[MATERIAL SHOWN — start]
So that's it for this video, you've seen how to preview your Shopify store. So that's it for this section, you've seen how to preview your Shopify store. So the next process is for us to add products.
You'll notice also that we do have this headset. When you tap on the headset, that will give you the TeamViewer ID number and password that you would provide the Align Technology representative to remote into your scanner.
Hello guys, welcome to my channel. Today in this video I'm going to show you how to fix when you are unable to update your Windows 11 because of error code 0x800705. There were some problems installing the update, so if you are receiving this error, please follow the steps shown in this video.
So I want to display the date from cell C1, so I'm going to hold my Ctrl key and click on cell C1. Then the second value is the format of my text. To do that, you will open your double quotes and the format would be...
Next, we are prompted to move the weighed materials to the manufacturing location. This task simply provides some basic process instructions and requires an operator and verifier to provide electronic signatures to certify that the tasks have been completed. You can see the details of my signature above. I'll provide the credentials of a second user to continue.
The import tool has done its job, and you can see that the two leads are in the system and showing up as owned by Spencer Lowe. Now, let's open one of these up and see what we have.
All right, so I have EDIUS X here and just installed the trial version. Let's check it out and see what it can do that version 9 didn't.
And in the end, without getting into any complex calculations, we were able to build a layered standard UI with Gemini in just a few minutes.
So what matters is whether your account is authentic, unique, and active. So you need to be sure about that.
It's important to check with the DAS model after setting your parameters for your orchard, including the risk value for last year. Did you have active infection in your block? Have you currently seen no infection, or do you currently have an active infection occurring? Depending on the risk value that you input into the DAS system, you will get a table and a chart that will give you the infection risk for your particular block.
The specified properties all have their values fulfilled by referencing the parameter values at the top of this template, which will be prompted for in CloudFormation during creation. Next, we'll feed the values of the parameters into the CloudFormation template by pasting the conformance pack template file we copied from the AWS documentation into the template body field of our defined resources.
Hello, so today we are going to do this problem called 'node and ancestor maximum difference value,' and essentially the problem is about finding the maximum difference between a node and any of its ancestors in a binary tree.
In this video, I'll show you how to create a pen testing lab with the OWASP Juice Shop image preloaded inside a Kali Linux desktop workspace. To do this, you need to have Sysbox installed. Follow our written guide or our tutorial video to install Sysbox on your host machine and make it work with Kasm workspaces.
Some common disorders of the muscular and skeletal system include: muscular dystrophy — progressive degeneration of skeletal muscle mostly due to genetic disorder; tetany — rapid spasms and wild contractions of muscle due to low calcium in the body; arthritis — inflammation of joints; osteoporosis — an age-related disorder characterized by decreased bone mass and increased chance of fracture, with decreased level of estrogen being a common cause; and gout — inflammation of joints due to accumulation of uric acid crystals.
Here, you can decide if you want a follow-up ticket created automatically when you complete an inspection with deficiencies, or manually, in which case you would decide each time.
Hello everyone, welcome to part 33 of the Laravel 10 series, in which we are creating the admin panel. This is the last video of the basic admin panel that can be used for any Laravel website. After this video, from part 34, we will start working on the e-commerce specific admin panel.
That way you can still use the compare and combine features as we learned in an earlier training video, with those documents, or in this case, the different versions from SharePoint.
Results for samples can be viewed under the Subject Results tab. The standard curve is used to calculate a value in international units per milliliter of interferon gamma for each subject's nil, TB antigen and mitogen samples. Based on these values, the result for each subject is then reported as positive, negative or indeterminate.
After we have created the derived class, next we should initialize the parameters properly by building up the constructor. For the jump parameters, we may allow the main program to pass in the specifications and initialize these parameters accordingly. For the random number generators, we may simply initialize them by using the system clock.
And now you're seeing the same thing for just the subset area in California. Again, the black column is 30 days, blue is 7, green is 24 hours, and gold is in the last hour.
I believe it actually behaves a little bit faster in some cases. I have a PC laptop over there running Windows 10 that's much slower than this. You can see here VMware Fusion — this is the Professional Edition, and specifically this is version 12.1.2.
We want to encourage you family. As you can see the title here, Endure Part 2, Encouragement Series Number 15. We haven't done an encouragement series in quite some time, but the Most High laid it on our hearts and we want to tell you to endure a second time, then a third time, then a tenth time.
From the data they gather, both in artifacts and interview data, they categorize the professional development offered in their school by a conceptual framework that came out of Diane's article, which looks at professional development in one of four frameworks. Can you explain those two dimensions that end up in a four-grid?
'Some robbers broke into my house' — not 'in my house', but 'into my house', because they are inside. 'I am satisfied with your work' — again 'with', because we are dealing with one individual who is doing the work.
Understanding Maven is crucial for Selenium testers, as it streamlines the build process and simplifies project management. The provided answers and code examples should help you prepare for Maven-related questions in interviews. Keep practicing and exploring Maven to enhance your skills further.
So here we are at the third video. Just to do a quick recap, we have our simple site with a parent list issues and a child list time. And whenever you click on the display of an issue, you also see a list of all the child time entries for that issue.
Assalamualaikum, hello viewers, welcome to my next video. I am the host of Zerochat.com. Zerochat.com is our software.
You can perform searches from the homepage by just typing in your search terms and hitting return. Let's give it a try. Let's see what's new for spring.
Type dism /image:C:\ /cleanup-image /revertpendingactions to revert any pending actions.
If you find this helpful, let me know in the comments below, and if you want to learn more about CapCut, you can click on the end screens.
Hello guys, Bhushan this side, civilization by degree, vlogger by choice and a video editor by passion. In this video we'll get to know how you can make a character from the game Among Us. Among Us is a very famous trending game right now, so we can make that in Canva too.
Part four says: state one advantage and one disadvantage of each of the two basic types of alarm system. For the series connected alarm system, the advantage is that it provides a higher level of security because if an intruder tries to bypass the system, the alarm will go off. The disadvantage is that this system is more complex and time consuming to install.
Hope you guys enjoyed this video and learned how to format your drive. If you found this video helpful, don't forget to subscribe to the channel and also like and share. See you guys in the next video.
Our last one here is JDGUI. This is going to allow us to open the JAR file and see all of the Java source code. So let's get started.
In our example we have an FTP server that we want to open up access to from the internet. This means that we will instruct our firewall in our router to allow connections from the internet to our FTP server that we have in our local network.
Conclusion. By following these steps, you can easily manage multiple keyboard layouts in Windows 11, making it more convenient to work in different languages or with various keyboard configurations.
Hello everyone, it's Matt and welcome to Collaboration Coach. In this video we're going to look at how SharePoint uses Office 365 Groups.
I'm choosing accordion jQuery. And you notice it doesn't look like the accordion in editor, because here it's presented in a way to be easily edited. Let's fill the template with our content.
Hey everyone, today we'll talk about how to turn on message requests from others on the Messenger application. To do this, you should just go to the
[MATERIAL SHOWN — finish]
## TRY IT:
Within the material above, how many lines include the string "values"? Give only the number.

## WRITTEN ANSWER:
2